Microcap stocks trade at very low volume levels and caution needs to be used when buying
or selling these types of equities.
1) Always use limit orders. Always. Your
order may be executed either lower or higher than the displayed quote. For example, the fictitious company
xyxy is quoted at .30 on the bid and .35 on the ask. This means that if you place a market buy
for 1000 shares they should execute at .35 X 1000 = $350. The market maker is required to fill up to 5000 shares
when posting at that low of a price. Unfortunately, sometimes they will fill some or none of the shares at the
.35 and move up to .40 or .45 to fill the order. Supposedly a market maker will be fined for not honoring the quote but
this happens very often. Instead an investor should use a limit order at .35 (this takes the risk out of the
trade). Better yet, you should place various orders at different entry points - like 1000 shares at .33, and then
1000 at .31, etc.
2) Never place a market order before the market opens.

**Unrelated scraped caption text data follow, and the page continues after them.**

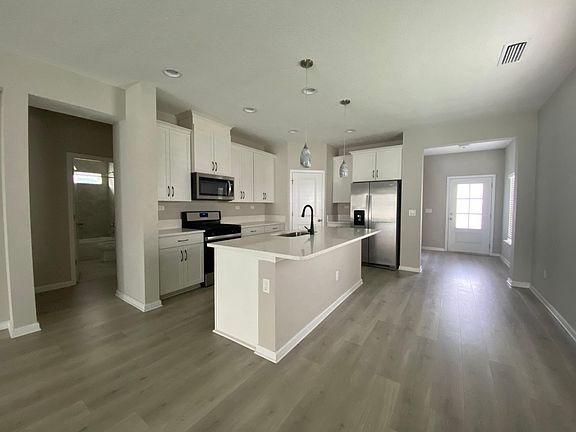 4th image of 142 Mosaic Park Ave
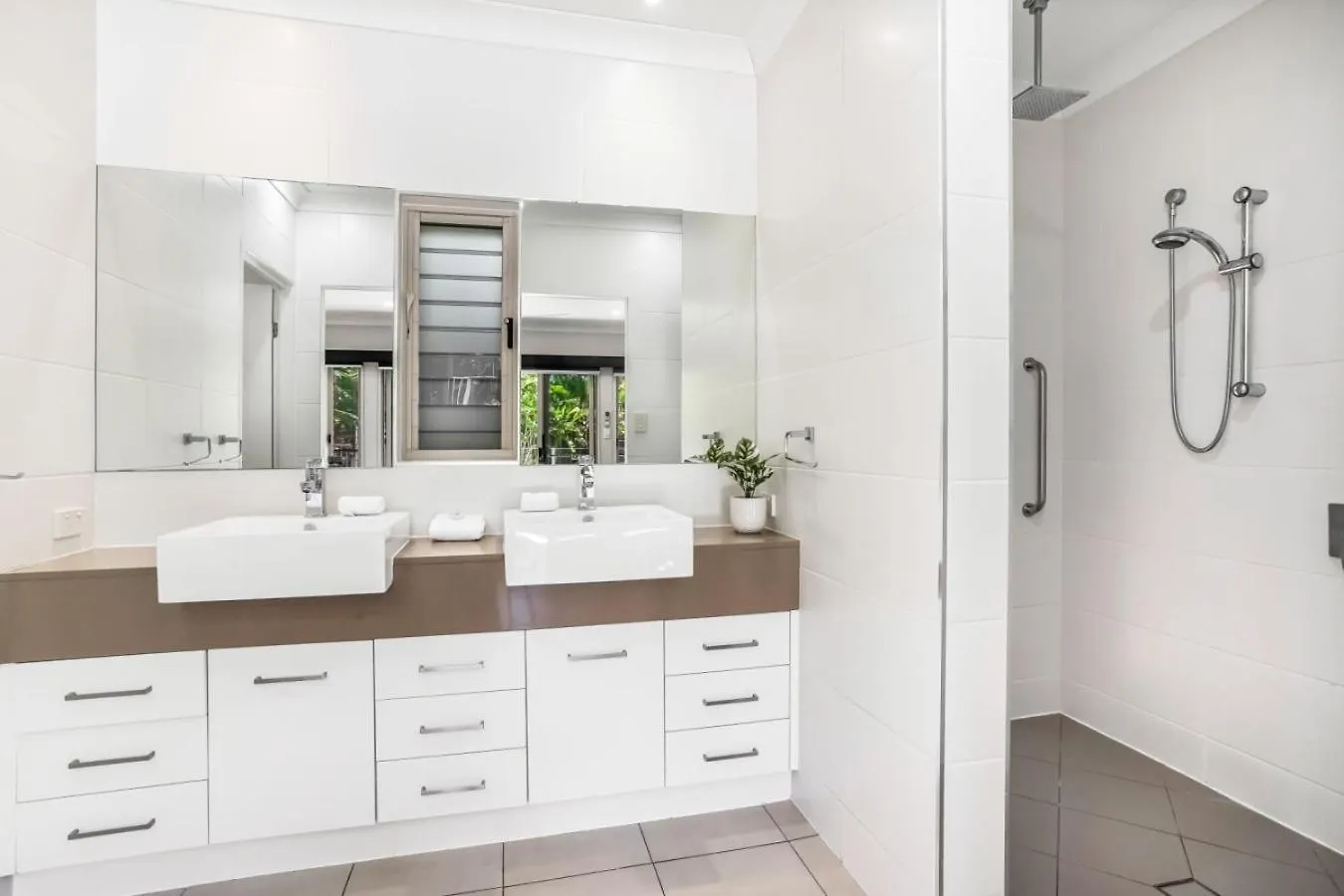 Villa Jacana At Port Douglas 0*,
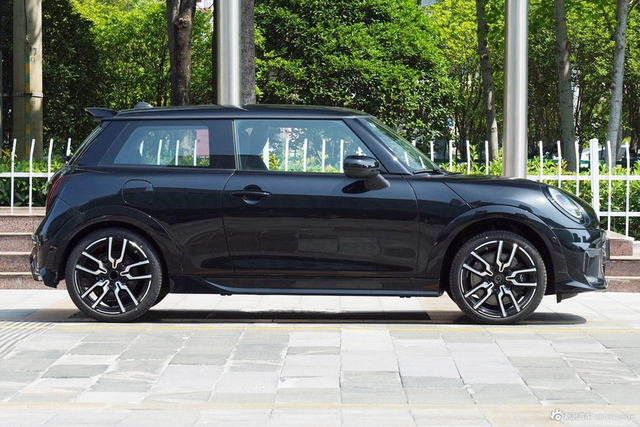 2026款MINI 2.0T COOPER S 赛车手 三门版 黑标特别版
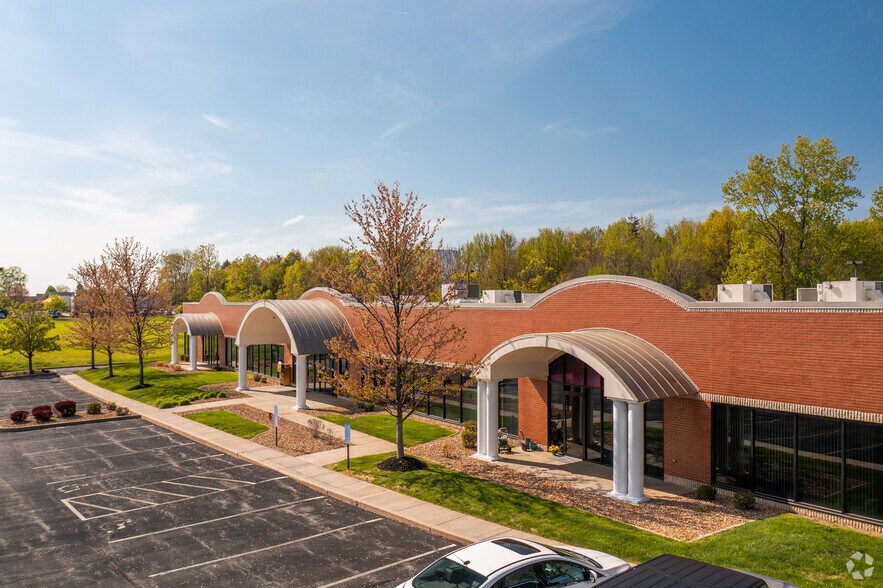 More Photos Of 4600 Executive Center Pky, Saint Peters Office For Lease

We have already said not to use market orders. The worst possible thing to do is place a market buy or sell before the
open. If there is the slightest buy pressure, the quoted price may gap-up at the open (only to drop back down
within minutes).
3) Don't be afraid to take profits. If a stock runs up quickly on news or even for no apparent
reason, you should sell some of your stake. A good rule of thumb is the sell half your shares if the stock doubles.
Hold on to the other half of your shares (you never know how high a stock may go).
4) Never invest more than you are willing to lose. Let's face it, microcap stocks should be treated
as a very risky investment.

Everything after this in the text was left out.